The case, numbered FHC/ABJ/CS/883/2023, was brought before the Federal High Court in Abuja.

Goya Foods, a prominent producer and distributor of foods and beverages across the United States, Spanish-speaking countries, and Nigeria, seeks to enforce a longstanding consent judgment issued by the court in December 2006.

The judgment directed the Registrar to rectify the Trademarks Register to reflect Goya Foods Incorporated as the rightful owner of the “Goya Olive Oil” trademark, without any further formalities.

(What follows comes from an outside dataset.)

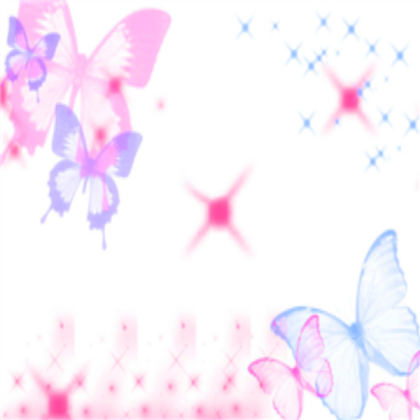 Pink and Purple Sparkle Butterflies Roblox decal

The lawsuit, exclusively revealed to sources, underscores Goya Foods’ determination to safeguard its intellectual property against alleged infringements.

According to court documents, Goya Foods obtained the consent judgment against Chikason Industries Limited, which was accused of marketing “Goya Olive Oil” in Nigeria, thus infringing on Goya Foods’ registered trademark.

Legal counsel for Goya Foods, Ade Adedeji, SAN, emphasized the necessity of rectifying the Trademarks Register to protect their trademark interests effectively.

Despite appeals to the Registrar, the requested rectification has not been implemented, prompting Goya Foods to escalate the matter through legal channels.

The case has been adjourned to September 27, 2024, for further proceedings, highlighting the complexity and significance of trademark disputes in the global marketplace.

Goya Foods remains committed to upholding its brand integrity and securing its proprietary interests amidst the evolving landscape of international trademark law.